[Opening Exercise input section]

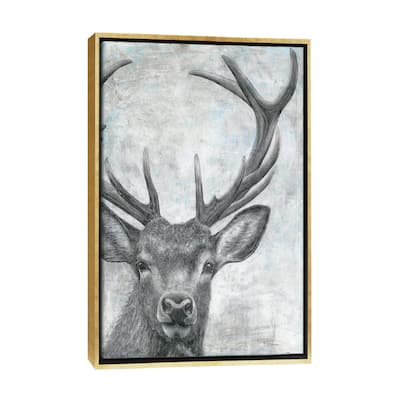 iCanvas "Portrait of a Deer" by Marie Elaine Cusson Framed Canvas Print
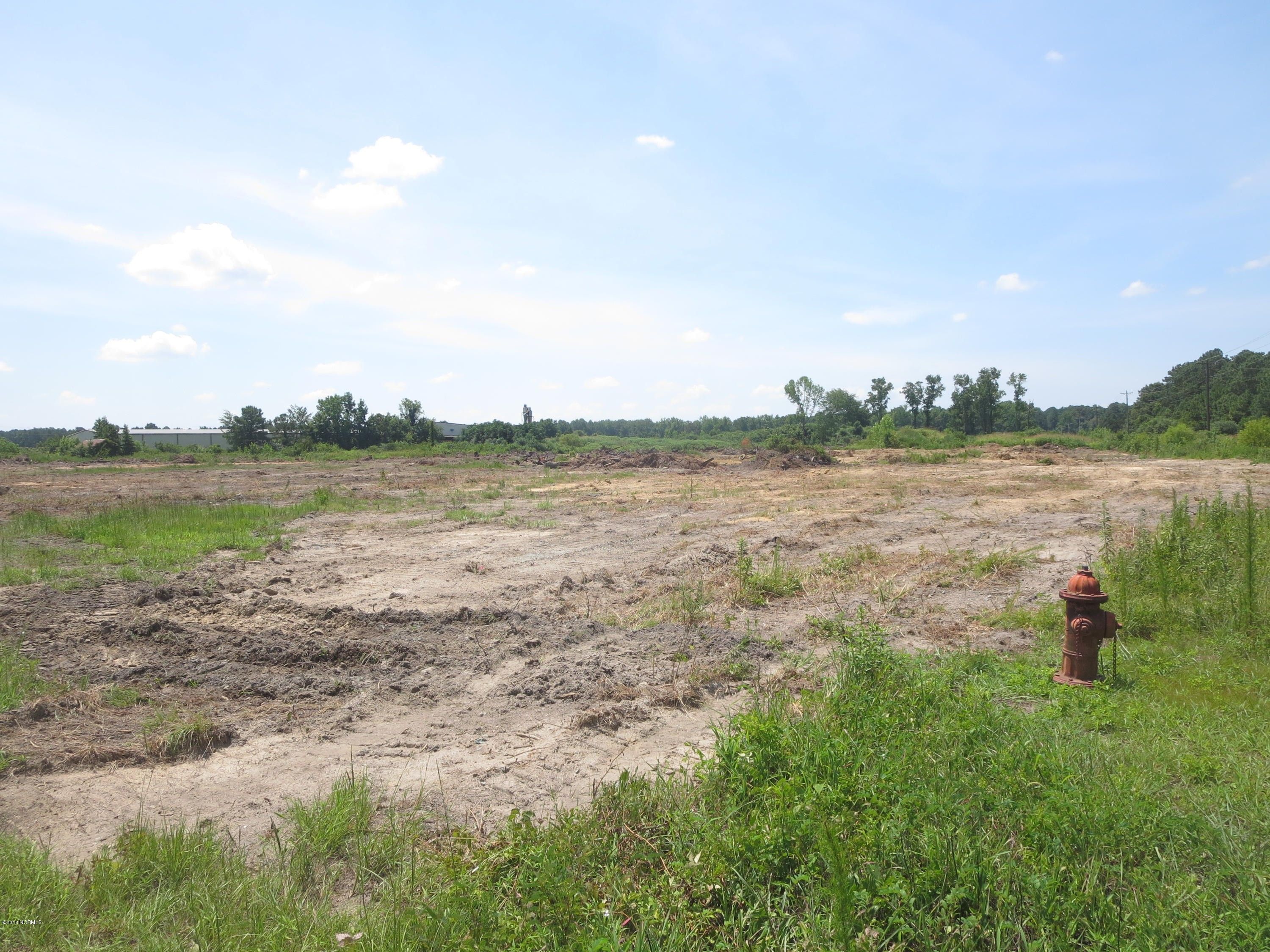 Scotland Neck, Halifax County, NC Undeveloped Land for sale Property ID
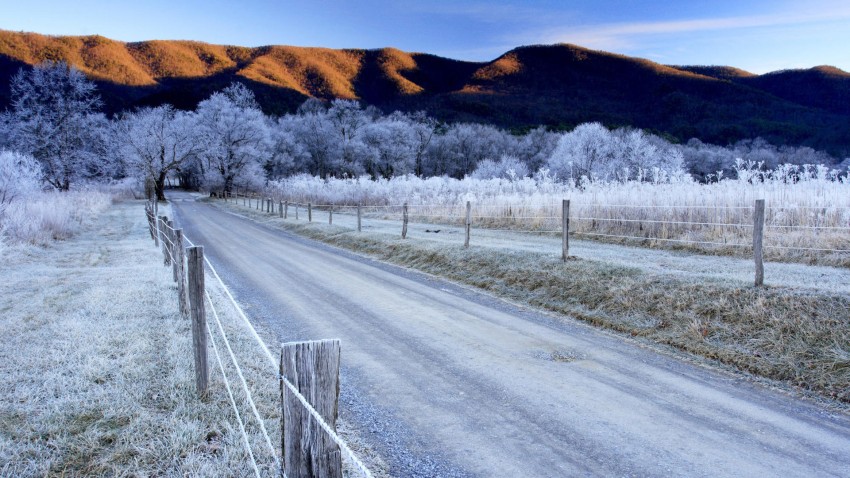 Forest Winter Road Background Full HD Image Photo Free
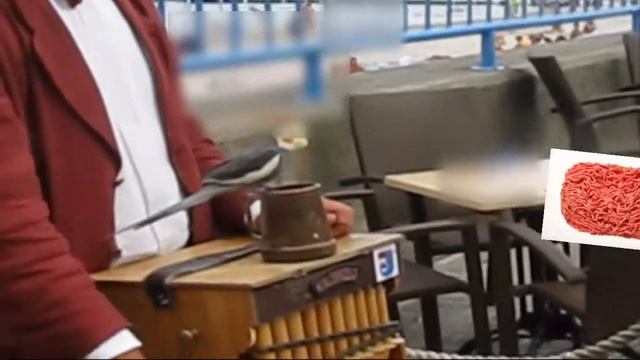 Jak zarabiać na mieleniu mięsa? смотреть онлайн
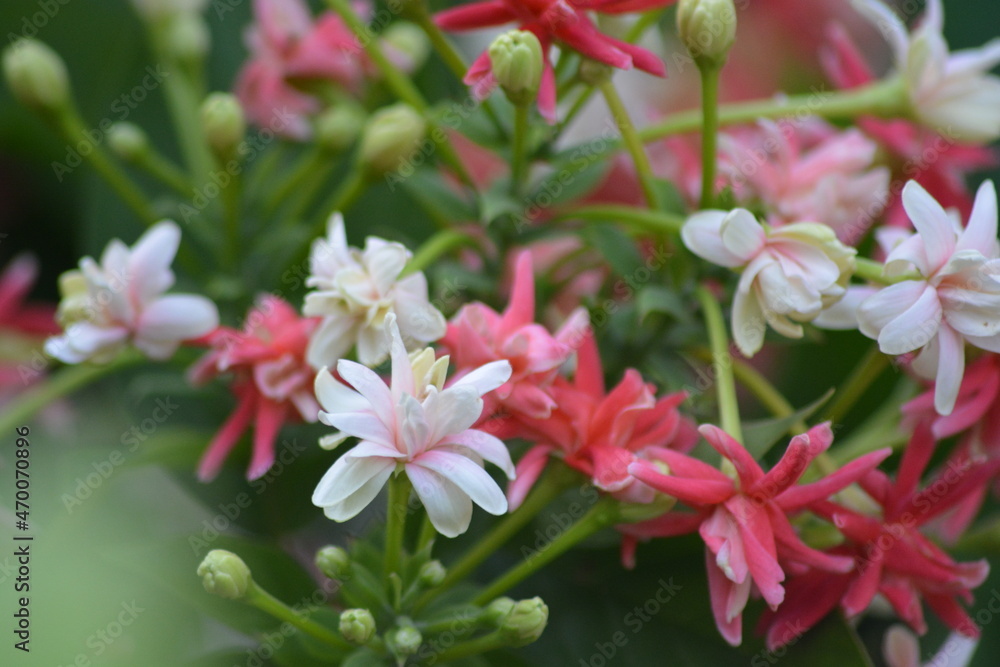 Combretum indicum or Quisqualis indica, also known as the Rangoon creeper,is a vine with red flower clusters which is native to tropical Asia. The flowers change in colour with age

[Closing Exercise input section]

▸ What the task requires: Each record needs to be reproduced exactly, and no image should be carried over.

▸ Answer for the task:
 iCanvas "Portrait of a Deer" by Marie Elaine Cusson Framed Canvas Print
 Scotland Neck, Halifax County, NC Undeveloped Land for sale Property ID
 Forest Winter Road Background Full HD Image Photo Free
 Jak zarabiać na mieleniu mięsa? смотреть онлайн
 Combretum indicum or Quisqualis indica, also known as the Rangoon creeper,is a vine with red flower clusters which is native to tropical Asia. The flowers change in colour with age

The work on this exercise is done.